*** Exercise data Section Begins ***

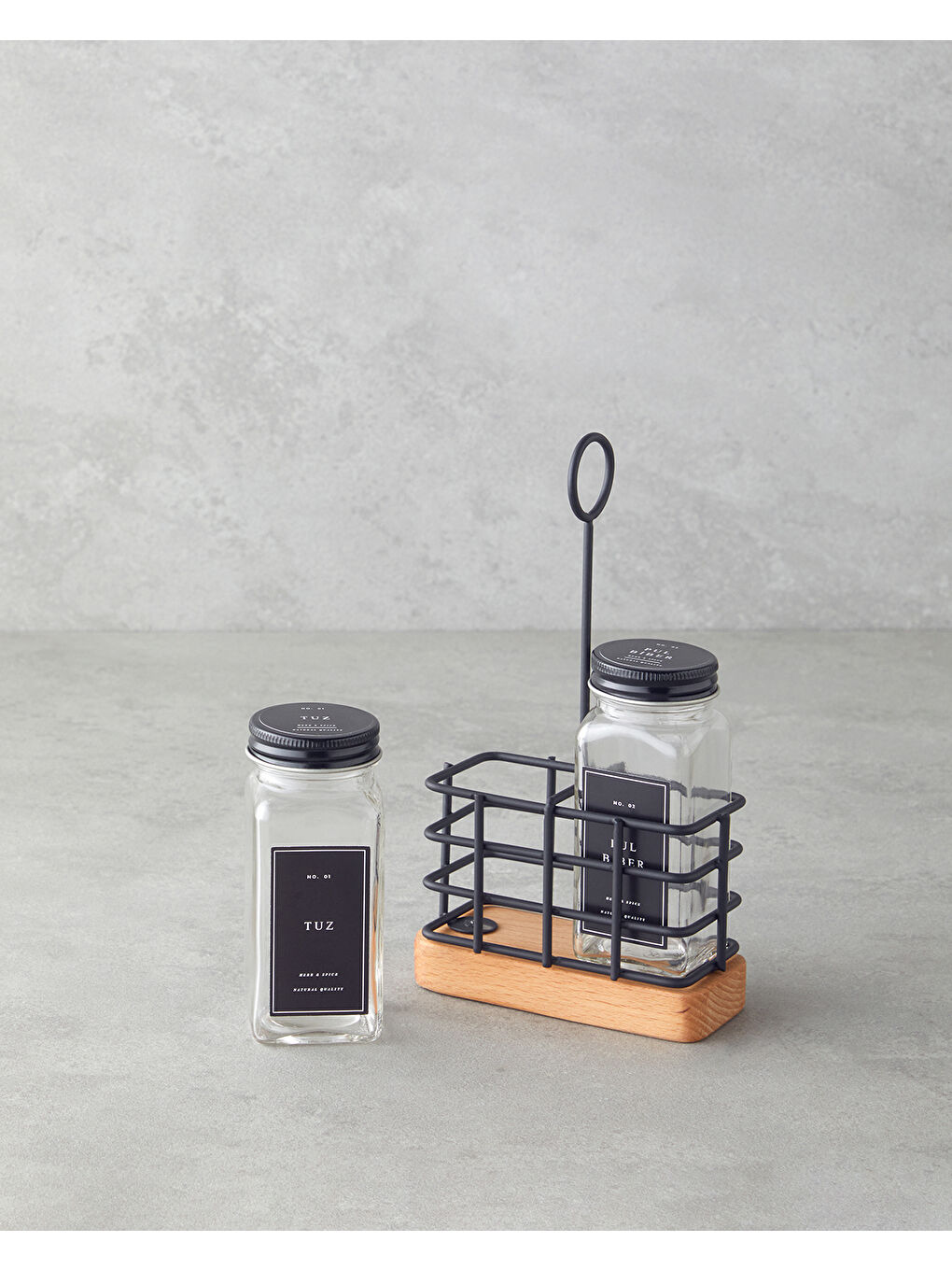 Zest Cam 2'li Tuzluk - Biberlik 20x11x5 cm Siyah-1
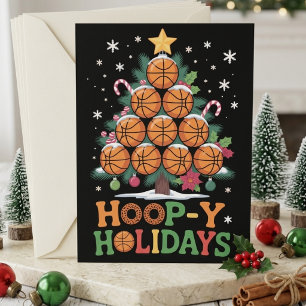 Hoop-y Holidays Basketball Christmas Holiday Sport Card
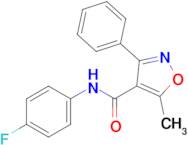 n-(4-Fluorophenyl)-5-methyl-3-phenylisoxazole-4-carboxamide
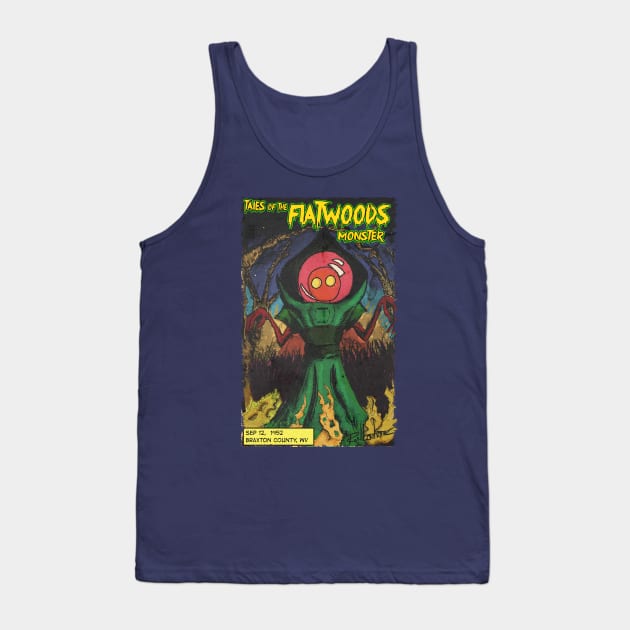 Tales of the Flatwoods Monster Tank Top by theartofron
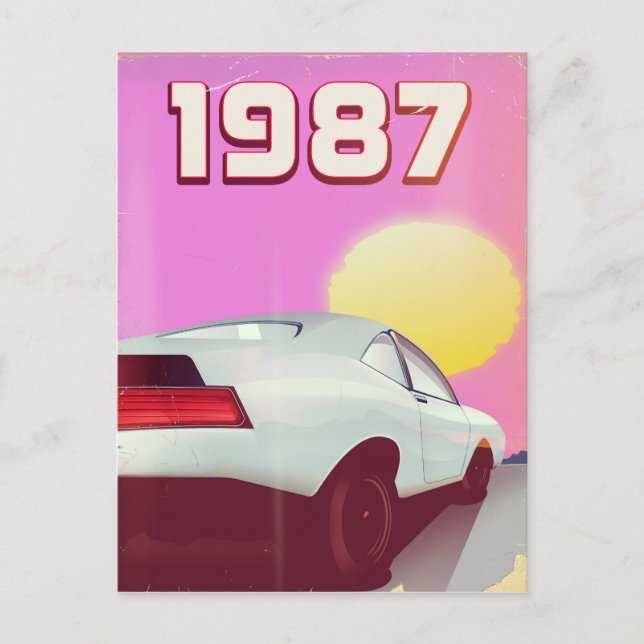 1987 poster av sportärr vykort (Framsida)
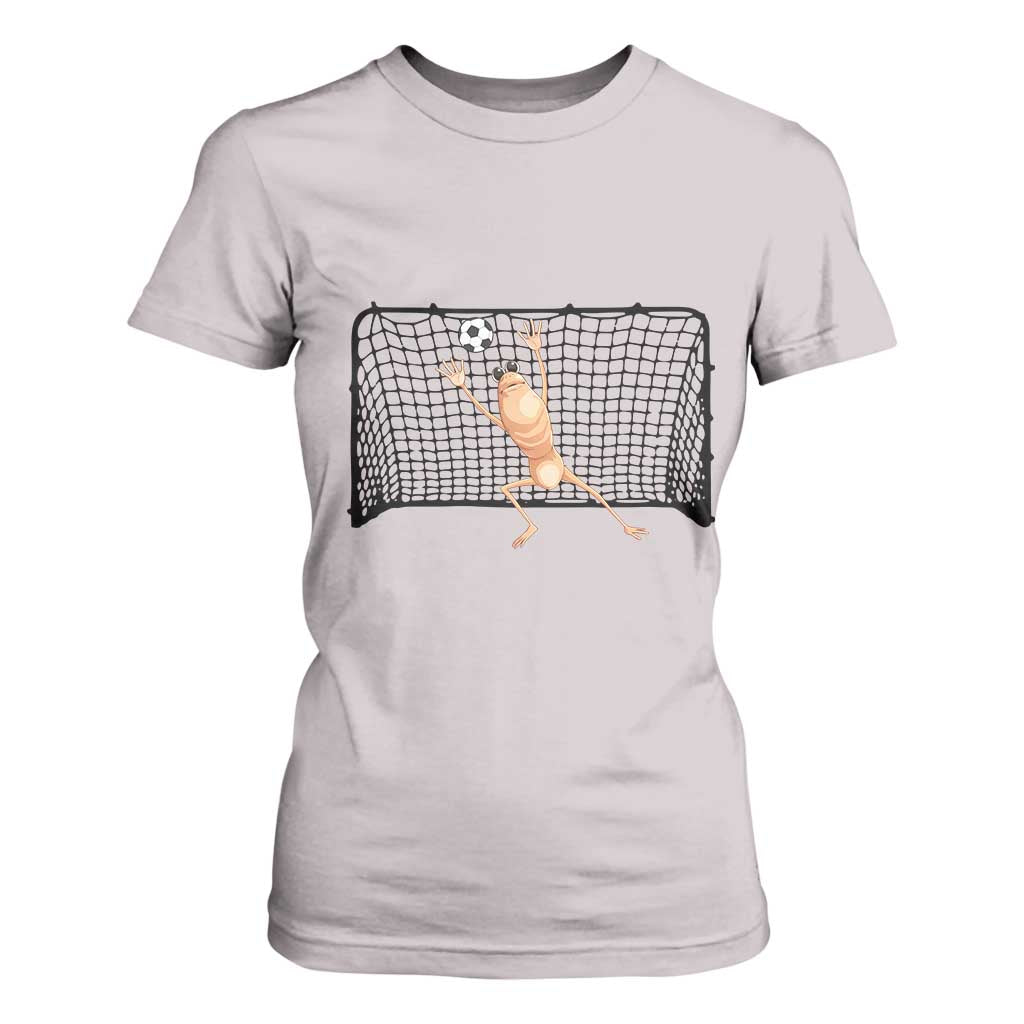 Funny Marcus The Worm Soccer Goalkeeper Gift T Shirt For Women TS12 Ice Gray Print Your Wear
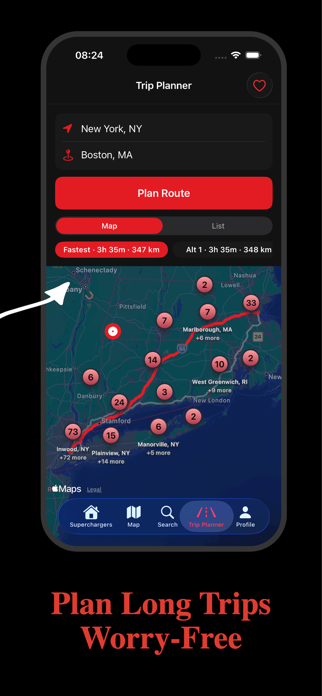 Charging Stations: EV Trip Map Screenshot 3 of 5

*** Exercise data Section Ends ***

Aim of the exercise: Could you set down every record above exactly as written, leaving out the pictures?

The answer:
 Zest Cam 2'li Tuzluk - Biberlik 20x11x5 cm Siyah-1
 Hoop-y Holidays Basketball Christmas Holiday Sport Card
 n-(4-Fluorophenyl)-5-methyl-3-phenylisoxazole-4-carboxamide
 Tales of the Flatwoods Monster Tank Top by theartofron
 1987 poster av sportärr vykort (Framsida)
 Funny Marcus The Worm Soccer Goalkeeper Gift T Shirt For Women TS12 Ice Gray Print Your Wear
 Charging Stations: EV Trip Map Screenshot 3 of 5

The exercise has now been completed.